One particularly impressive study has just been reported on east Saharan archaeological sites (DOI: 10.1126/science.1130989). Looking at nearly 500 radiocarbon ages from 150 sites and comparing the results to climate reconstructions for the region, researchers have been able to show that there was very little human occupation of the Sahara at the end of the last ice age because of the extremely arid conditions. Things changed abruptly 8500 years ago when increased monsoonal rainfall caused a greening of much of the desert; prehistoric peoples rushed in to exploit the resources that suddenly became available. This rich landscape seems to have persevered for a few thousand years, but it all turned sour when the rains started to fail. 5300 years ago, the monsoon became less effective at penetrating the Sahara and the desert began to expand. The result was that many people slowly migrated south into northern Sudan, following the retreating monsoon. Migration was the key; the mantra was keep with the rains and you should be right. The Nile valley was one of the few refugees left beyond the retreating monsoon; the sudden settlement and development of the pharaohs civilization along the Nile looks like it happened when people could no longer survive the full desert conditions around 3500 years ago.

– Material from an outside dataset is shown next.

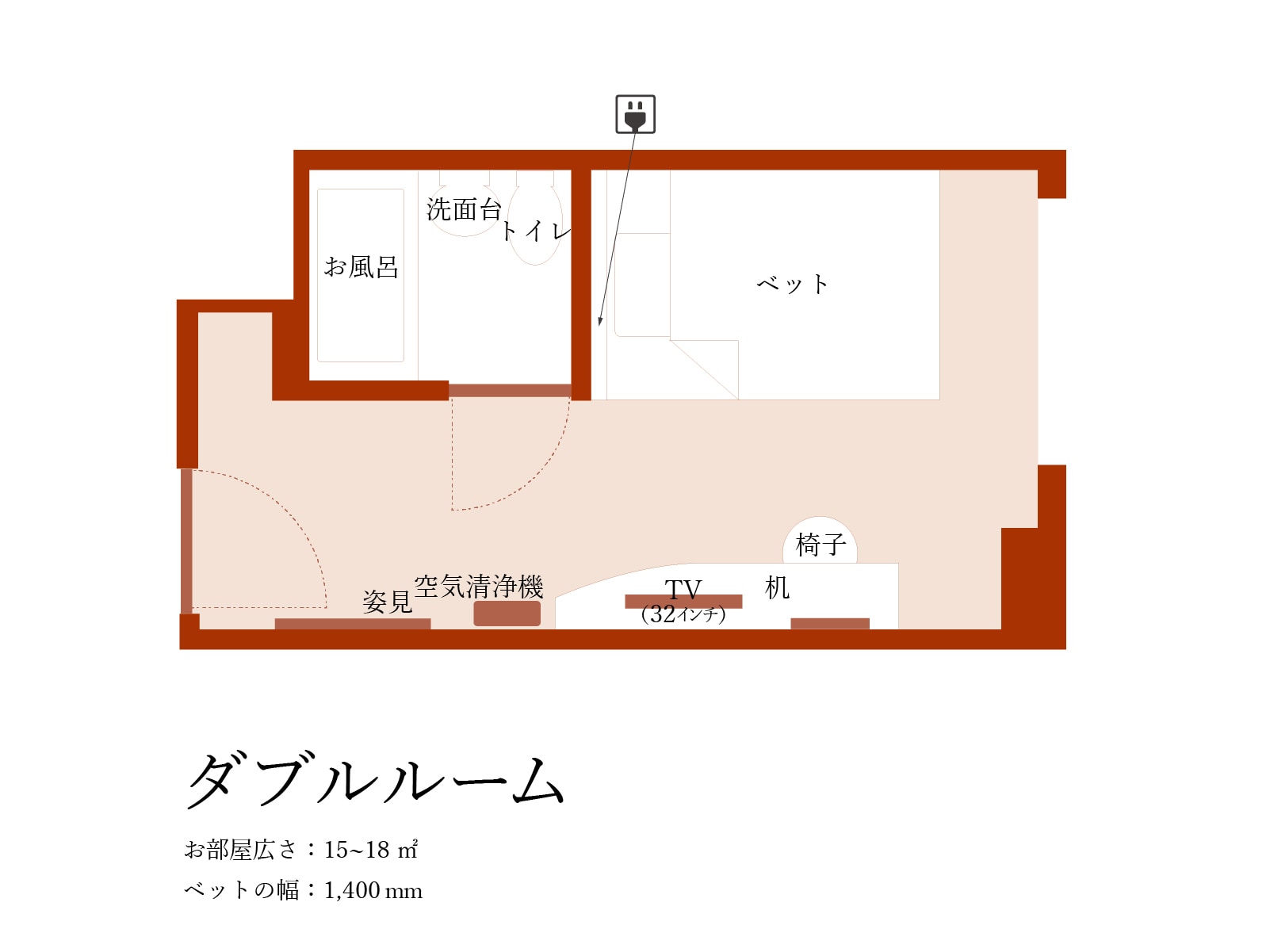 Double room floor plan (with works of art) Room details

|Quarrying in the Egyptian desert|
If we go further north, we can look at an impressive reconstruction of past climate based on fossil Irish bog oaks that overlap in time and stretch back year by year for 7468 years. Over some 30 years, researchers at Queens University Belfast have done backbreaking work, extracting oaks buried in bogs across Northern Ireland. Over this time, the research group found there were curious periods when hardly any of the trees seemed to grow at all. Other times seemed to show a tree-like Utopia where even boggy environments could be colonized: the population soared. When I was in Belfast, we looked at this more closely and realized that there was a climate signal in this variability (Journal of Quaternary Science; DOI: 10.1002/jqs.927). During times of lots of trees, the climate was dry enough that they could move onto the bogs and flourish. When it got too wet and the water tables on the bogs rose, the trees died and no saplings could get established: the numbers crashed. Because of Irelands position on the western seaboard of Europe, its climate is highly sensitive to what’s happening in the North Atlantic. If the ocean sneezes, Ireland catches a cold. When the Atlantic was spluttering in the past, the trees seemed to show the land was verging on pneumonia. But if there were times in the past when the trees weren’t happy, how did the Irish people feel?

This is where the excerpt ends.